James, that's a good point - but I think you can compound your returns for longer if you eat salmon and spinach instead of bread.

CP said...
This comment has been removed by the author.
James said...

I agree, the civilizational benefits of grains applied to society as a whole, not to individual people. There's no reason for anyone to eat bread if he can afford to eat healthier food.

Taylor Conant said...

Good point/counter-point on grains being ultimate poverty vs. ultimate capitalist foodstuff.

Another nuance to consider is that grains provided the opportunity for rainy-day fund nutrition. That is, they may not have been the primary source of nutrition at any time other than mass crop failure, at which point they were used as a bridge from one period of abundance to another. I would have to imagine, without knowing the anthropological history too well, that even after humans began growing, using and storing these crops that their diets did not become dominated by them but rather they still made use of fresh plant and animal life when it was available.

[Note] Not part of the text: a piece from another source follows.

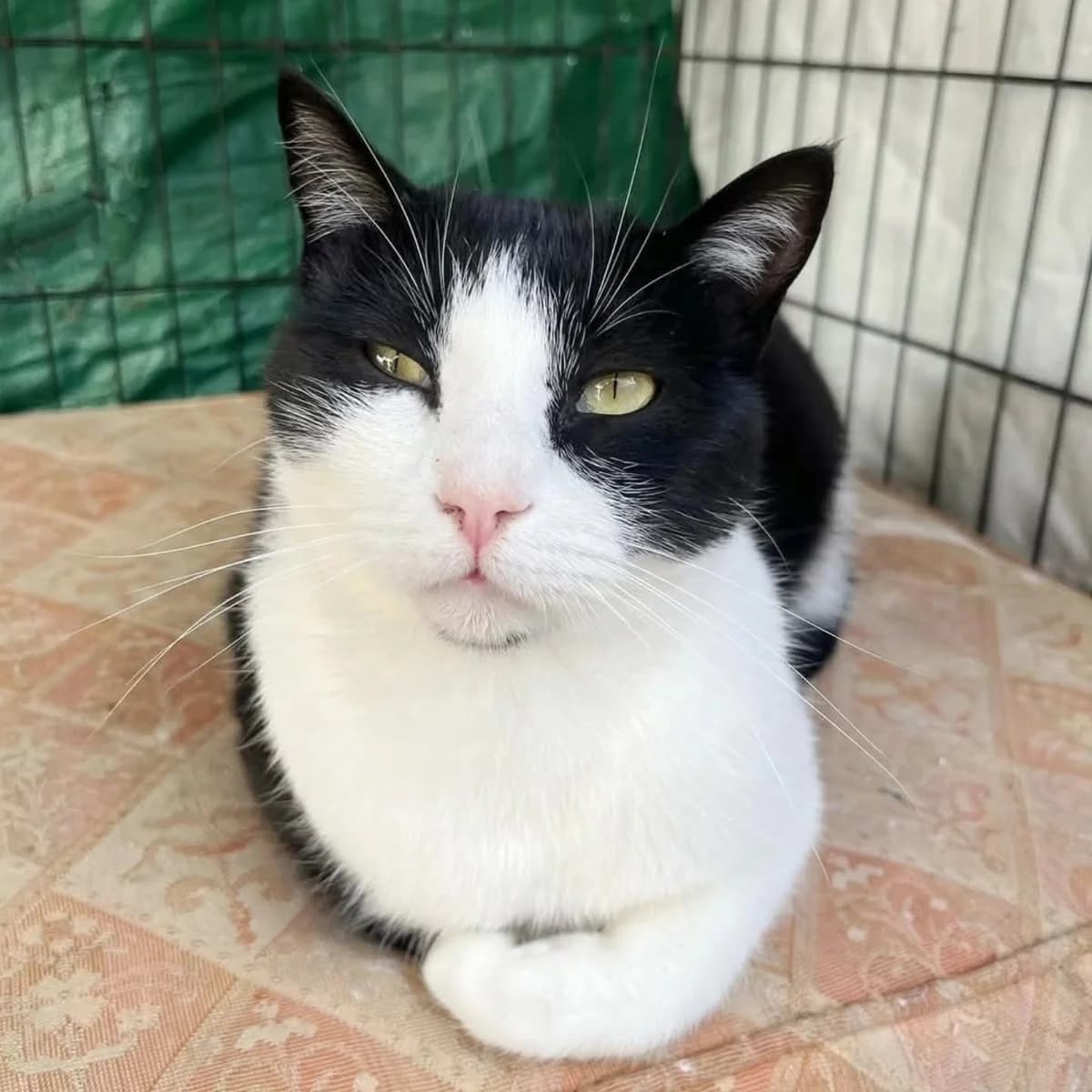 Tinto, male Mixed Breed for adoption at La Huella de Wonder — photo 4 of 8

Finally, like most foods which have been genetically selected for mass commoditization rather than nutrition, the grains we eat today do not resemble the grains of yore in terms of protein, fat and carbohydrate content, nor in taste, nor in variety. Similarly, they are not laboriously prepared ("processed") in the way traditional societies typically prepared them, either, which also affects the aforementioned characteristics.

Maybe it is because of the acrimony over the "cultish" nature of this group or something else, but I am surprised no one has referenced the Weston A Price Foundation ("WAPF"). They are largely sympathetic to holistic paleo -- not fad/sexy paleo, ie, what people who also ignorantly perform CrossFit routines are into -- and incorporate grains through more critical analysis of sourcing, preparation and overall diet balancing. It's another resource to consider.

What all of these intellectual vendors have in common is that they petition their adherents to apply reason to nutrition. In other words, the question, "What to eat?" should be premised on information gathered from the question, "What is the nutrient and anti-nutrient content of this foodstuff?"

For laymen, you need to have a reason beyond "I am hungry" to ingest something.

Anonymous said...

I think we should ask for our money back that was spent on USDA.